> _Problem requirements_
Every entry in the data that follows should come back exactly, pictures aside.

> _Given records_
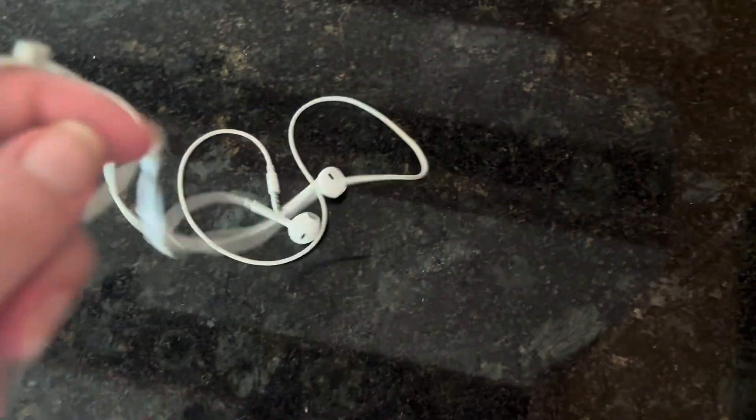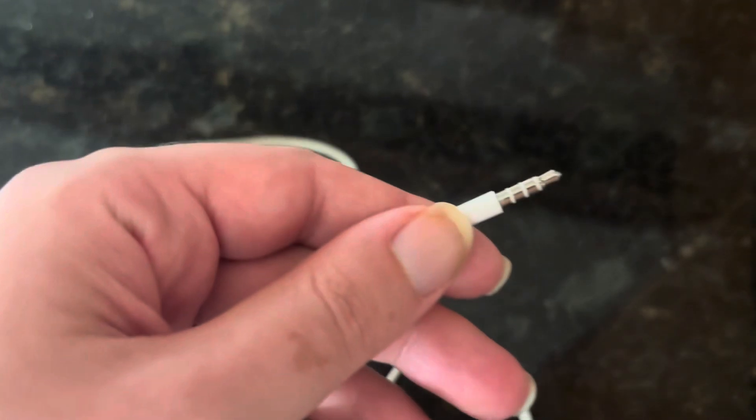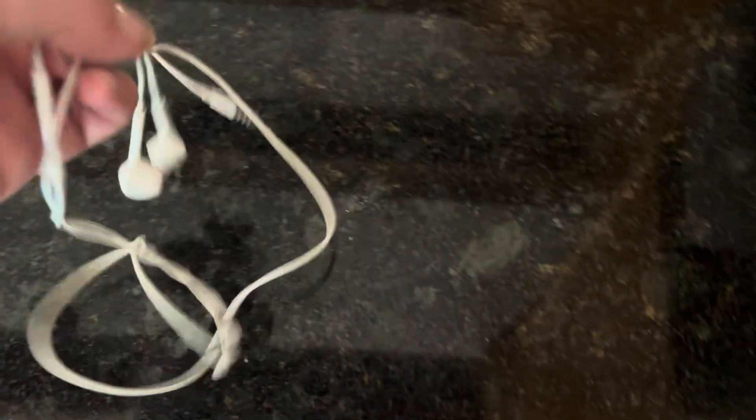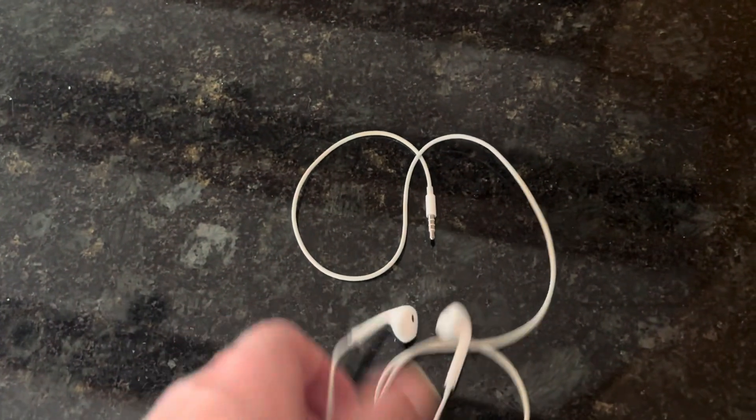These are Apple EarPods. These ones happen to have the headphone port. So these are good for watching the Big Brother live feeds.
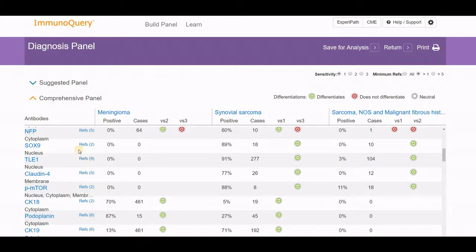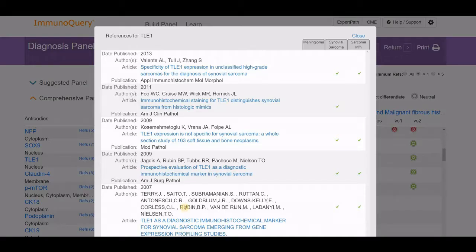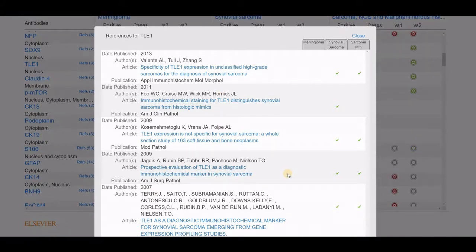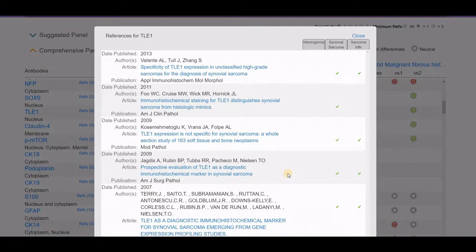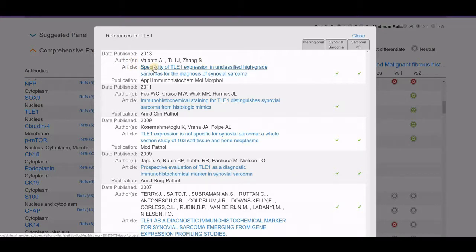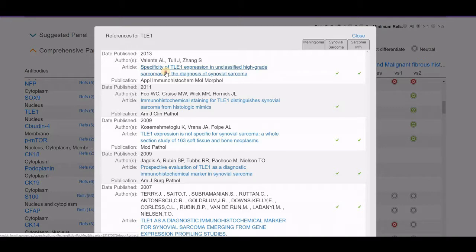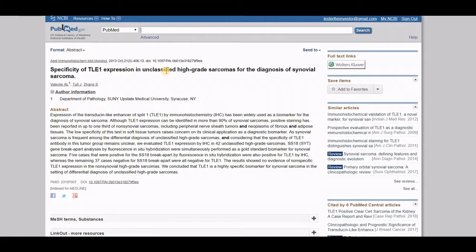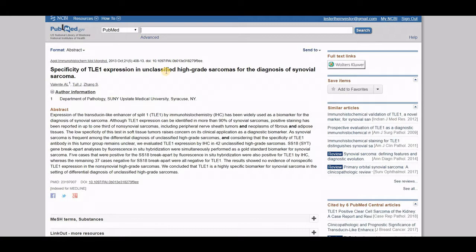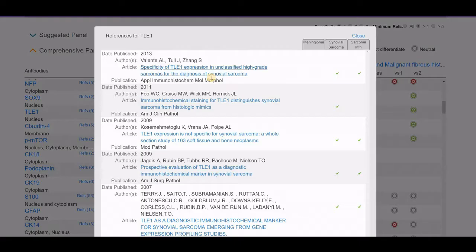You'll notice there are references listed for TLE-1. There are 91% of cases and 277 have been tested. If you click on the reference function, it brings up all references that may be valuable. When you hover over it, it highlights that finding. You can click on this reference, which takes you directly into PubMed and allows you to look at that source to confirm the findings. This is one way to trust but verify, where you're allowed to go and look at the supporting literature and use that in your findings.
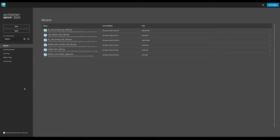At the very top you've got options to create a new scene, open a current scene, and even set or change your Maya project. Then we come to a number of different sections. The first one is Recent, where you get better visibility of any recently opened or saved Maya scene files. You can still access these from Maya's file menu, but here you get more information such as the directory location, last modified date and time, and importantly, file size.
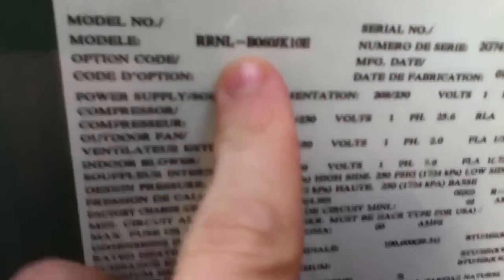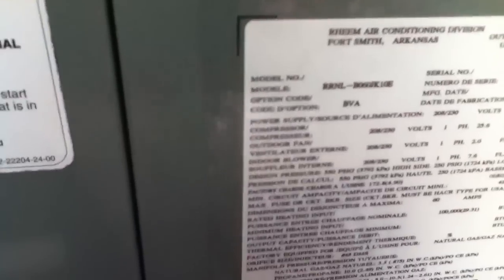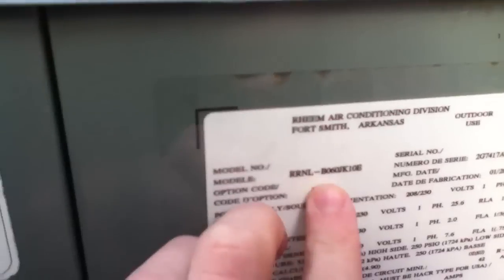What you want to do is find your model number. My model number right here is RRNL-B060JK10E. To figure out your tonnage, you want to find a number that is a multiple of 12 or one of the half-ton multiples — like 12, 18, 24, and so on.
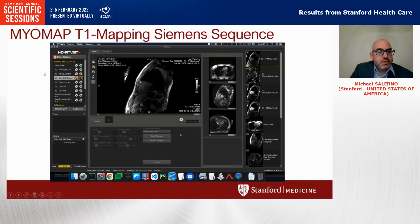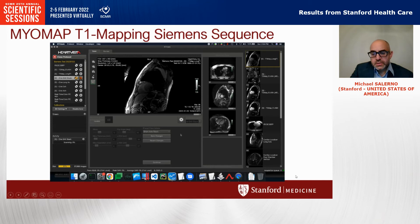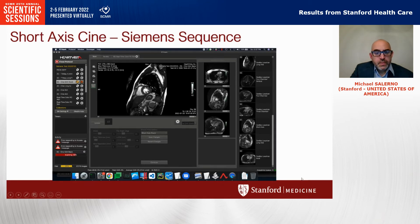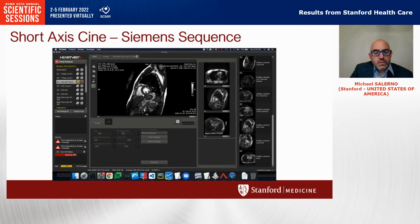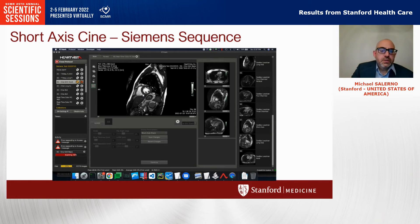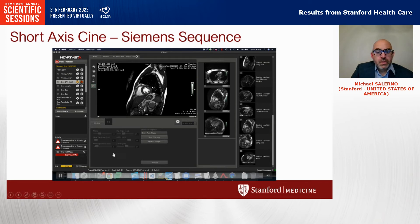The next thing to be run is the CINE short axis stack. Again, this is going to be done using a Siemens sequence. Here's one image of the stack, acquired in the standard breath-held CINE sequences — the patient is getting their breathing instructions and then the scanner picks up again to acquire the image.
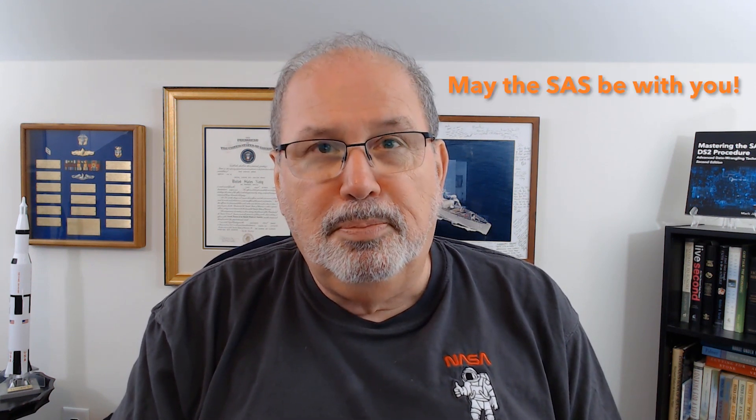You can feel free to leave any questions in the comments. And for more sassy tips like this, subscribe to the SAS users channel. Thanks for watching. And may the SAS be with you.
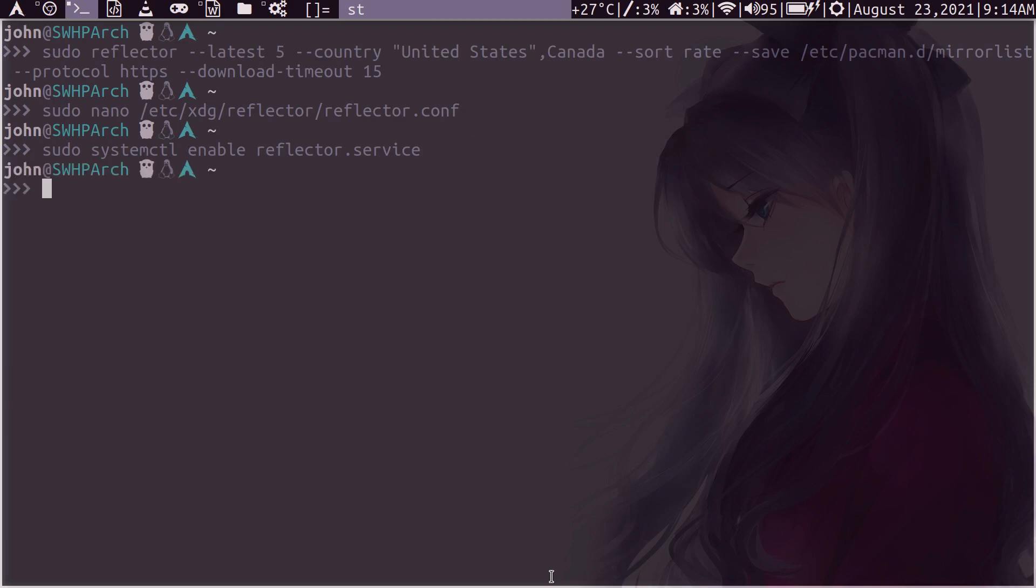Once you reboot, sorry, not when you reboot, but at every instance of booting, it will update to the latest servers, which is quite nice because you want to periodically have this server list refreshed to the latest, closest, fastest servers.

> _Exercise solution_
These are Apple EarPods. These ones happen to have the headphone port. So these are good for watching the Big Brother live feeds.
You'll notice there are references listed for TLE-1. There are 91% of cases and 277 have been tested. If you click on the reference function, it brings up all references that may be valuable. When you hover over it, it highlights that finding. You can click on this reference, which takes you directly into PubMed and allows you to look at that source to confirm the findings. This is one way to trust but verify, where you're allowed to go and look at the supporting literature and use that in your findings.
At the very top you've got options to create a new scene, open a current scene, and even set or change your Maya project. Then we come to a number of different sections. The first one is Recent, where you get better visibility of any recently opened or saved Maya scene files. You can still access these from Maya's file menu, but here you get more information such as the directory location, last modified date and time, and importantly, file size.
What you want to do is find your model number. My model number right here is RRNL-B060JK10E. To figure out your tonnage, you want to find a number that is a multiple of 12 or one of the half-ton multiples — like 12, 18, 24, and so on.
The next thing to be run is the CINE short axis stack. Again, this is going to be done using a Siemens sequence. Here's one image of the stack, acquired in the standard breath-held CINE sequences — the patient is getting their breathing instructions and then the scanner picks up again to acquire the image.
You can feel free to leave any questions in the comments. And for more sassy tips like this, subscribe to the SAS users channel. Thanks for watching. And may the SAS be with you.
Once you reboot, sorry, not when you reboot, but at every instance of booting, it will update to the latest servers, which is quite nice because you want to periodically have this server list refreshed to the latest, closest, fastest servers.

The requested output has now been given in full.